Rutland BOUGHTON (1878-1960)
Oboe Quartet No. 2 (1945) [17:20]
Two Pieces for oboe and piano (Somerset Pastorale - The Passing of the Faerie) (1937) [5:28]
Three Songs without Words for oboe quartet (Whence! - Faery Flout - Barcarolle) (1937) [9:21]
Portrait (flute, oboe and piano) (1925) [9:04]
Greensleeves for oboe quartet (c. 1939-45) [2:01]
Oboe Quartet No. 1 (1932) [13:43]
Mark Baigent (oboe)
Sophie Barber (violin); Chian Lim (viola); Stephen Orton (cello); Eva Caballero (flute); Michael Jones (piano)
rec. 2017, Woodside Hall, Hitchin
OBOE CLASSICS CC2034 [57:00]
It's been a while since an all-Boughton disc has appeared, so this one is all the more welcome. Compellingly enough, it presents the complete Boughton chamber music for oboe. All but one of the works on the present disc are dedicated to Joy (in full, 'Joyance') Boughton (1913-63), the oboist daughter of the composer Rutland Boughton. Joy was a pupil of Leon Goossens. An Oboe Classics DVD includes Joy playing Britten's Six Metamorphoses after Ovid. She was also a member of Britten's orchestra at Aldeburgh. The Boughton family was certainly a musical one. Son, Brian Boughton was a trumpeter and in 1943 his father wrote a Trumpet Concerto (review) for him.
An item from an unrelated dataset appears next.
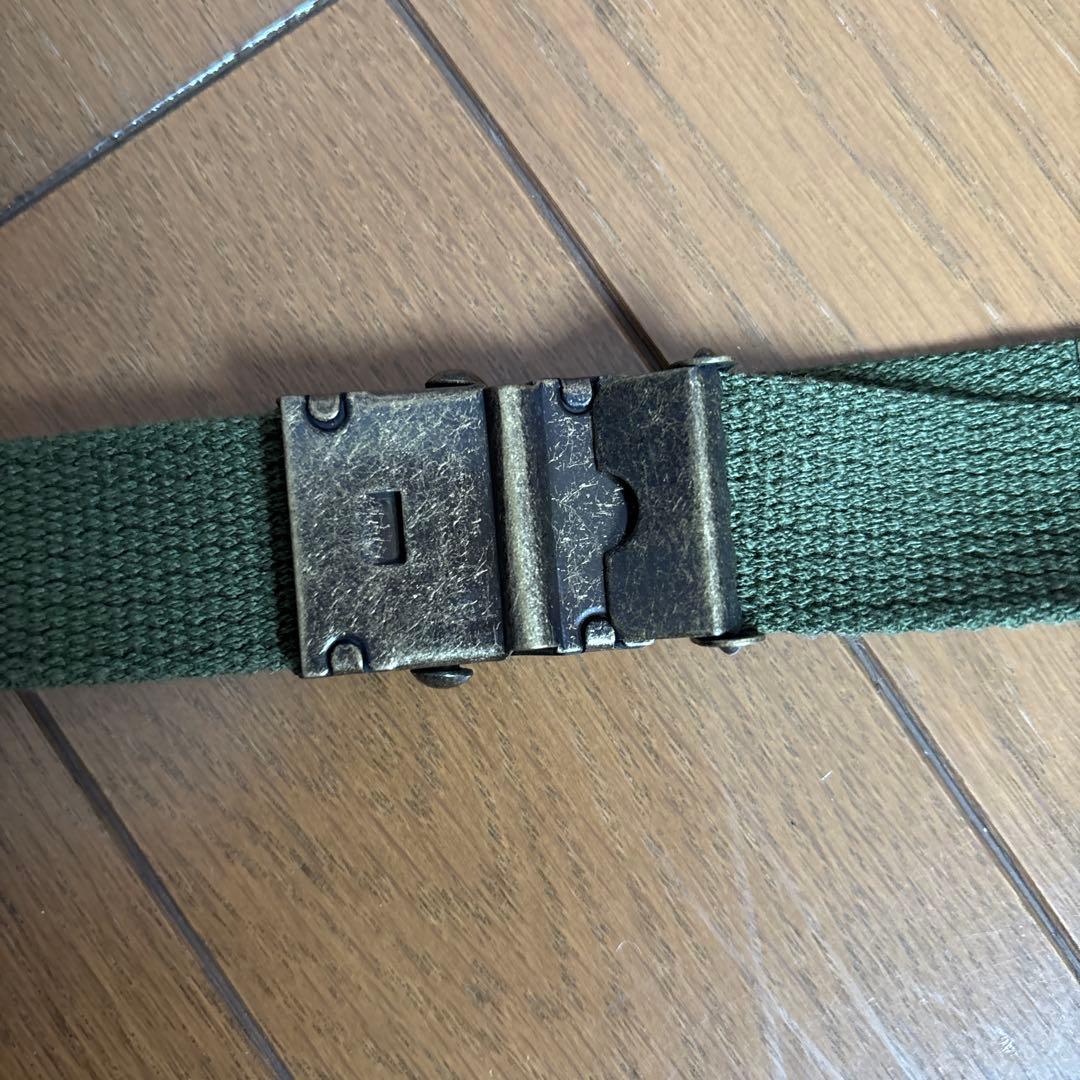 Lee オリーブグリーン ベルト ビンテージ - メルカリ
In 2014, after being approached by Ian Boughton, Mark Baigent performed Boughton's Oboe Quartet No. 2 at Glastonbury as part of the centenary celebrations, which in turn led to this recording. He has also played a part in recordings of Rob Keeley, Pepusch, Torelli, Vivaldi, Boismortier, Harty, MacMillan and Richardson and is a member of the Denner Ensemble. Michael Jones (piano) studied at the Birmingham Conservatoire and is a well-respected name among British music scholars. He has played arrangements of music by Elgar and champions the music of Edgar Bainton (a close friend of Boughton), whose music is shared with Boughton's on Dutton Epoch (CDLX 7185 and CDLX 7262).
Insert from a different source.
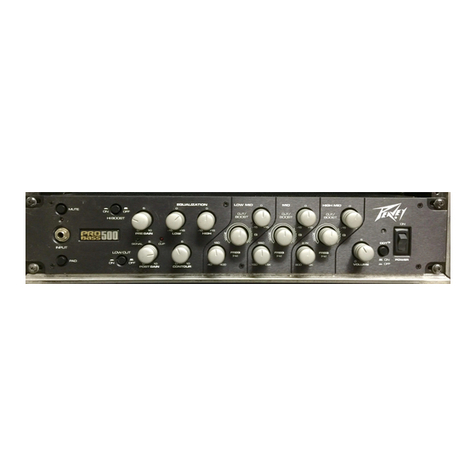 Peavey PROBASS 500 User manual Peavey PROBASS 500 User manual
In general, this predominantly affectionate music is light on drama. It's intense on good-hearted undulating lyrical contours: poetry not tragedy. The amiable Oboe Quartet No. 2 defies its late date with music that references folk tropes - folk song and village dance. There's an eclipse-like darkness in the second movement which takes us close to the gloomily concentrated domains of Moeran's Lonely Waters, Bridge's There is a Willow and Eugene Goossens' By The Tarn. The finale bounces along in playful innocence. From the other end of the Second World War come Two Pieces. The Somerset Pastorale is another skilled, fresh and touching essay in pastorals. The Passing of the Faerie (pre-echoes of Tolkien's Lord of the Rings) is an at first pensive and sorrowing piece which references a theme from The Immortal Hour around the words "How beautiful they are, the lordly ones". There's a more animated central section. Also from the same year we hear Three Songs without Words. The first Song hesitantly slips and slides along, as befits a piece called Whence! The confident Faery Flout struts its stuff and even adds a dash from the Emerald Isle. The Barcarolle prepares us for shady realms of the Second Oboe Quartet's second movement. The earliest piece here is the complex Portrait. Its agreeable density and substance distinguish it from the other pieces here. Absent the words, with which we are familiar, Greensleeves would have been another movement to add to the other Three Songs Without Words. The CD ends with the First Oboe Quartet from 1932. This has some of the density and emotional ambivalence of the Portrait but is sweeter and has more of the fragrance of new-mown hay about it. After the wink and skip of the central movement (Allegro giocoso) comes an Andante con variazione that has some passages that are thoughtful and even studious. Again, Boughton is not afraid of ending with a well-favoured passive gesture. In addition to these oboe chamber works there are two concertos for the instrument, of which the First (1937) appears on Hyperion Helios CDH5509. The rarely performed second concerto - as yet unrecorded - was dedicated to Leon Goossens.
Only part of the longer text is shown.